By Clint Thompson
President Trump signed the $2 trillion Coronavirus Aid, Relief and Economic Security Act (CARES) into law on Friday to help provide some financial relief to Americans and jumpstart the economy amid the coronavirus pandemic.
Monetary help may be on the way for fruit and vegetable growers in the Southeast, but the effects of the pandemic have already been felt on crops being harvested in Florida and those already planted in other states like Georgia and Alabama.

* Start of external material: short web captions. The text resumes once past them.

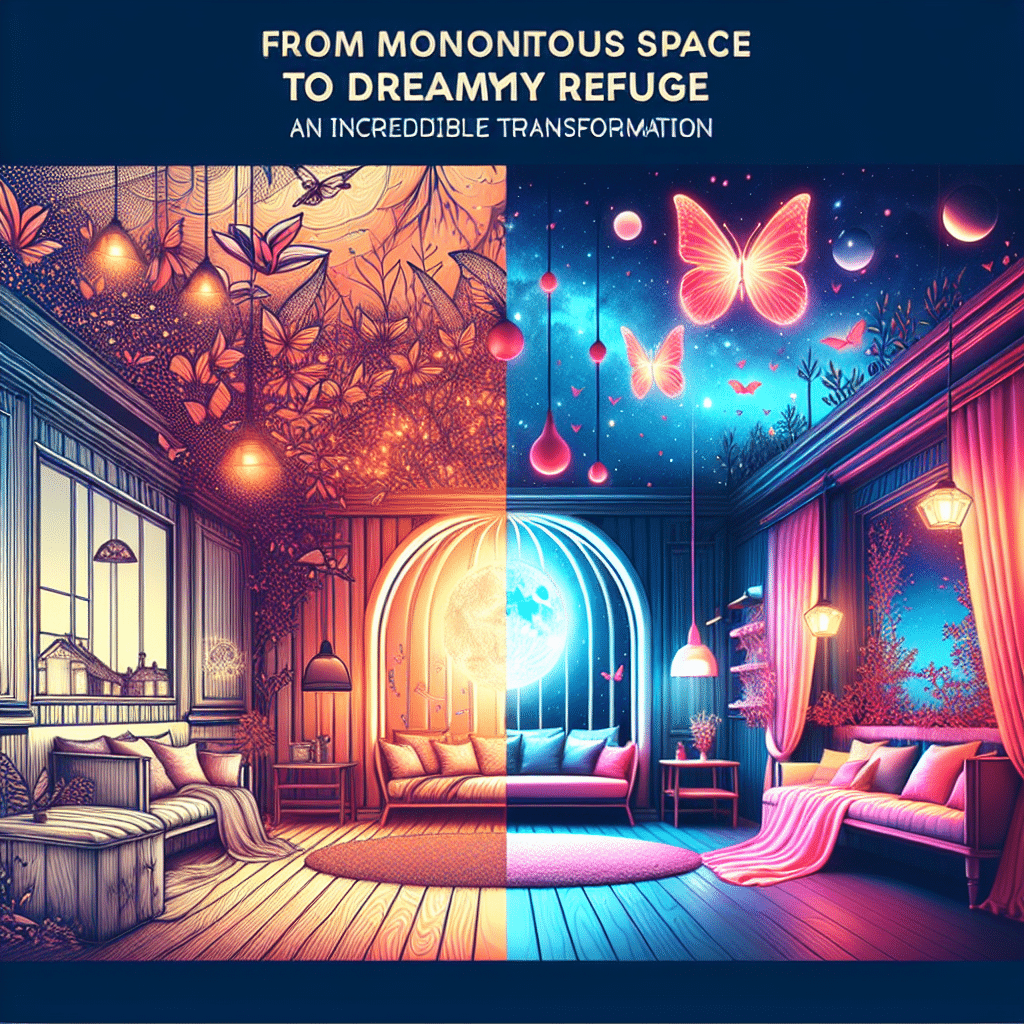 De Espacio Monótono a Refugio de Ensueño: Una Transformación Increíble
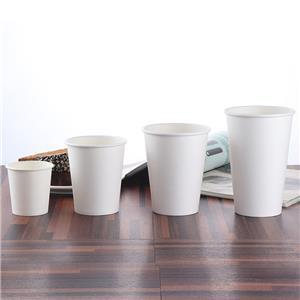 4oz Disposable Cafe Single Walls Coffee Paper Cup With Lid tea cup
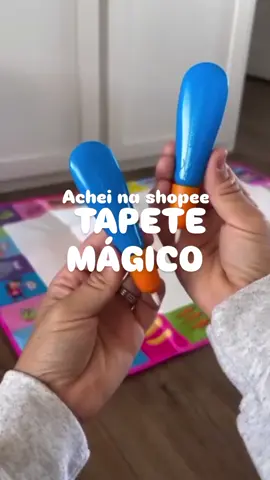 Tapete mágico para crianças  #tapetemagico #infantil #briquedo #criança #achadinhosshopee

“I think certainly (the stimulus package) is going to help the industry. Exactly how and where that money is going to be used is hard to tell,” said Charles Hall, executive director of the Georgia Fruit and Vegetable Growers Association. “Right now, our concern is that with the food service industry down, we potentially could have a lot of produce that can’t be marketed.
“That’s what is happening in Florida right now; tomatoes, zucchinis, products that would normally be going to food service, it’s too much to be absorbed by the retailers. There are crops in the field right now that can’t be harvested. There’s no reason to pay the workers to go harvest them because they don’t have a market for them.”

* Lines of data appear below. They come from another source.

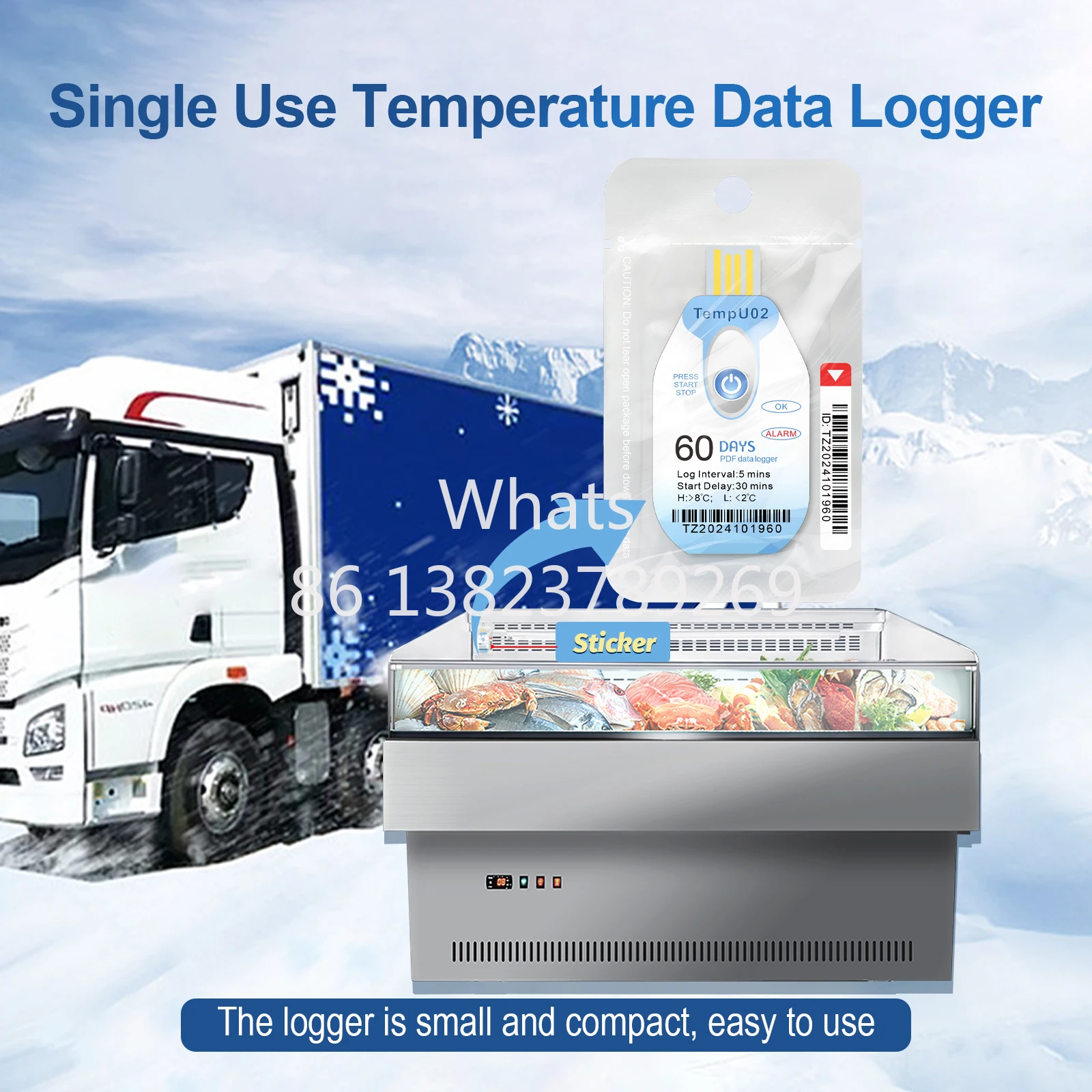 10pcs set Tzone USB Single Used for Temperature Recorder USB Data Logger Greenhouse Transportation Temperature Recorder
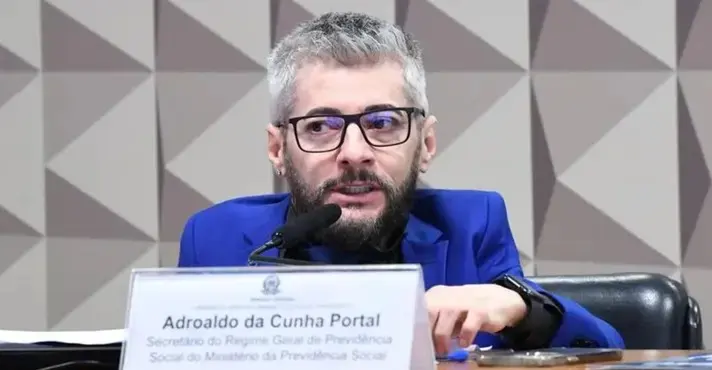 Adroaldo Portal, secretário-executivo afastado do Ministério da Previdência. Ele é alvo da PF e CGU na Operação Sem Desconto.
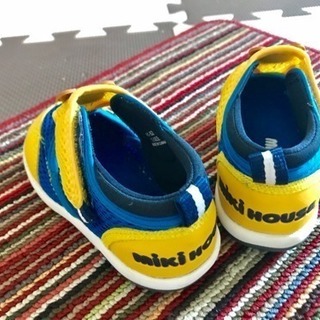 ミキハウスMIKIHOUSEベビー靴13.5セカンドシューASICS kidsキッズ子供こども の画像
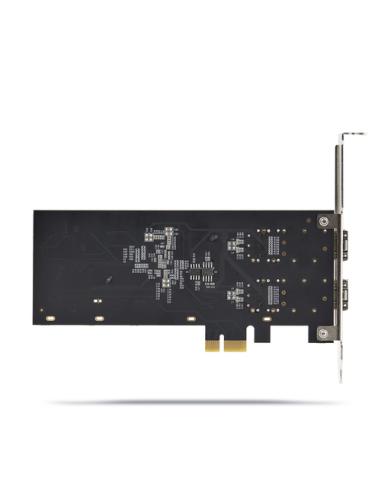 StarTech.com Tarjeta PCIe 2.1x1 de Red de Fibra Óptica/Cobre Ethernet 1Gb SFP de 2 Puertos - Chipset Controlador Intel I350-AM2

The CARES Act includes $9.5 billion to support agriculture industries impacted by COVID-19, including fruit and vegetable producers and livestock producers.
“It’s just the uncertainty. We don’t know what may or may not happen from that standpoint. We feel that there will be some benefit from the stimulus package to the industry,” Hall said. “It’s too early to tell how that’s going to be helpful to us.”